At the very least we do provide informal diagnoses, tentative diagnoses or initial diagnoses.
We don't have to leap across the counter and call ourselves diagnostic experts, but we can diagnose a whole range of uncomplicated medical conditions!
If the medical fraternity is offended by this assertion, I must emphasise that no disrespect is intended.
I merely seek to accurately define the services involved in our practice.
Doctors collectively will probably always remain better diagnosticians than other health professionals, but that should not detract from the fact that 'diagnosis' is not doctor-only-territory!
As for the question of whether or not treatments are diagnosis-dependent, we should remember that a 'diagnosis' is a hypothesis, and that an 'accurate diagnosis' is an ideal.
Whilst in a large number of cases a diagnosis will be able to be confirmed based on the success of the treatment, there will always be a proportion of prevalent of disease that is unable to be characterised.
If we then deny treatment to this proportion of individuals, ...well we're in trouble!
For doctors and pharmacists, it would be great to be able to accurately define every condition that we see, but in all other cases we may also provide treatments based on an appropriate assessment of the risks and benefits of treatment.

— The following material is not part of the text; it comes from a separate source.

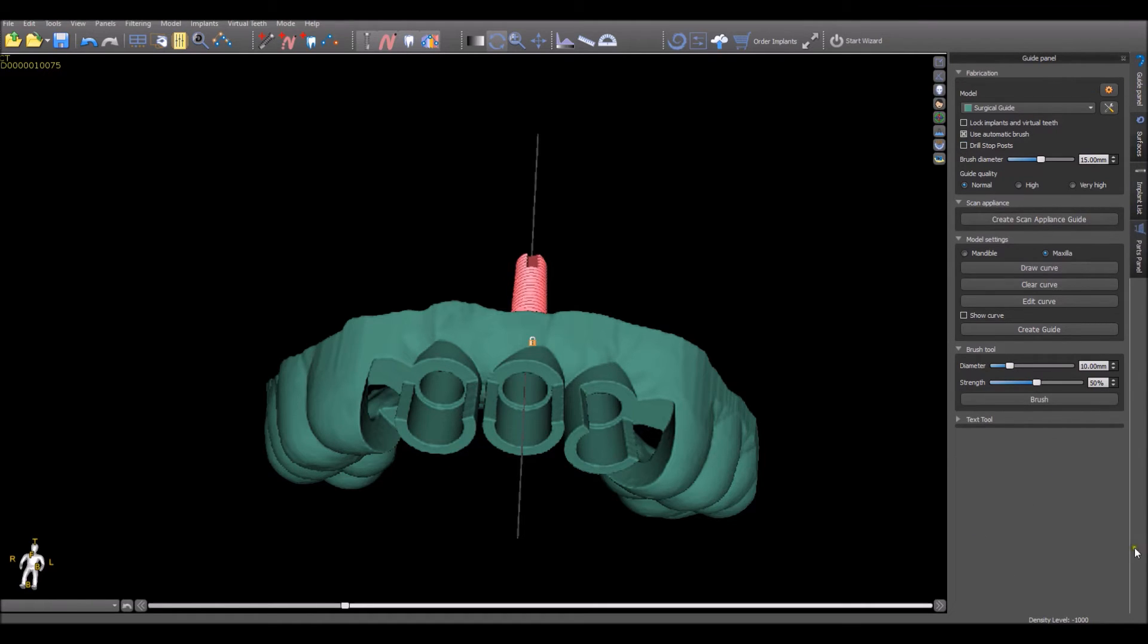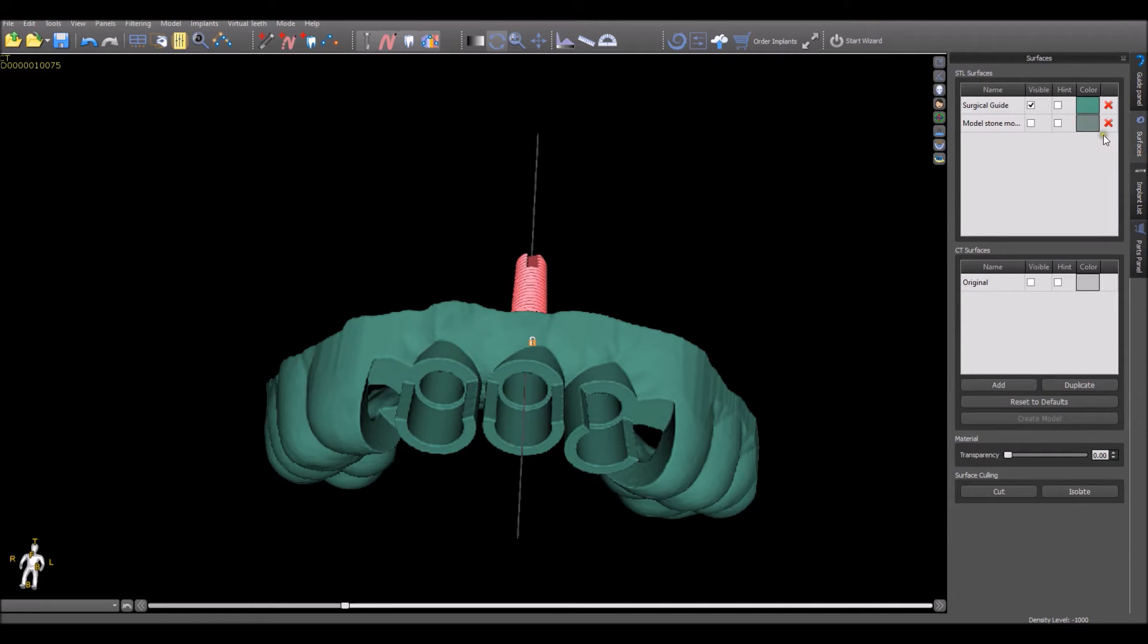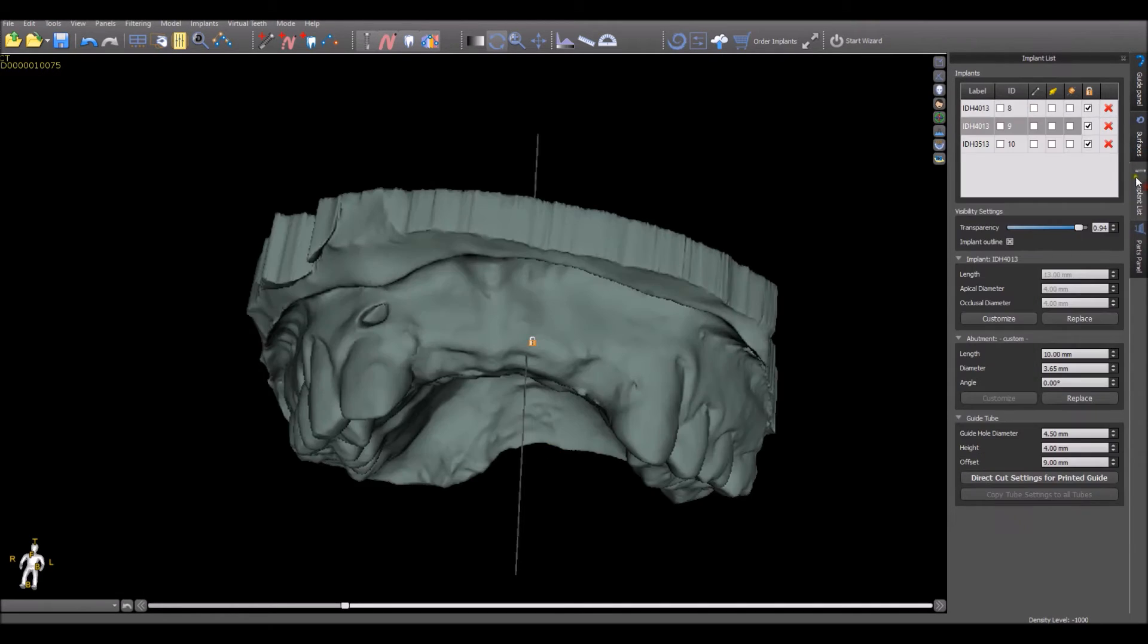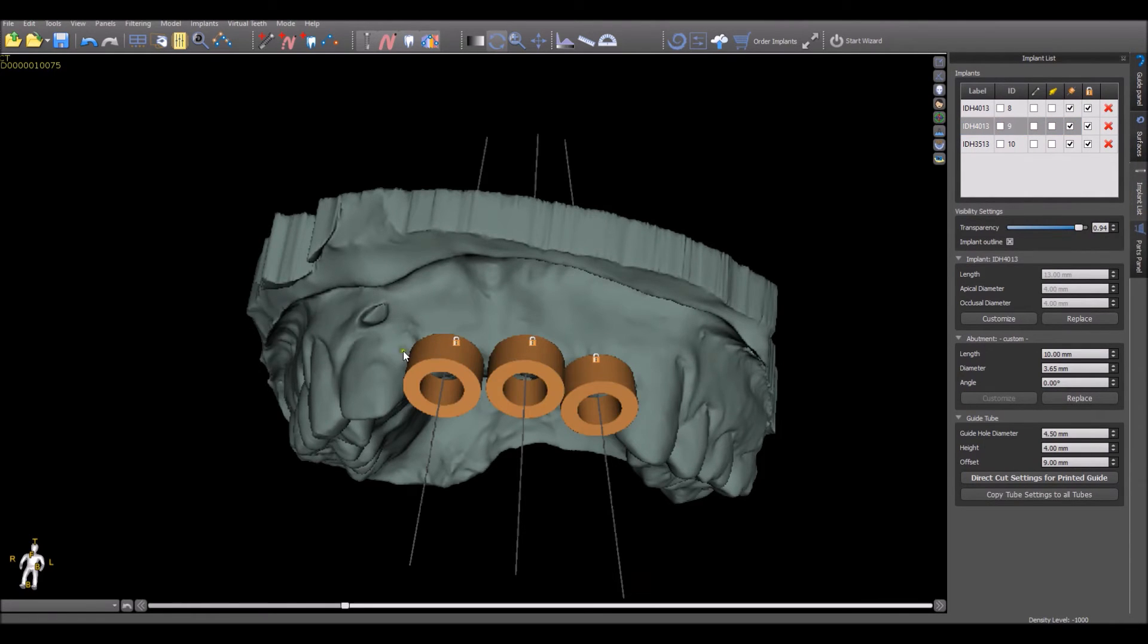We can see the bottom section for the drill stops have disappeared, and they have disappeared from the software guide tubes as well.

This is where therapeutic practice becomes more of an art than a science.
With reference to any future pharmacist involvement in Super Clinics, or indeed in any other independent clinical role; we must be able to accurately define our role.
We will soon start to endure a question of whether or not we should engage in the provision services dependent on protocol-based treatments or diagnosis-based treatments.
I would implore us all to have the professional self-respect and courage to be able to say that we are appropriately autonomous, confident and skilled enough to be entrusted with provision of diagnosis-based services.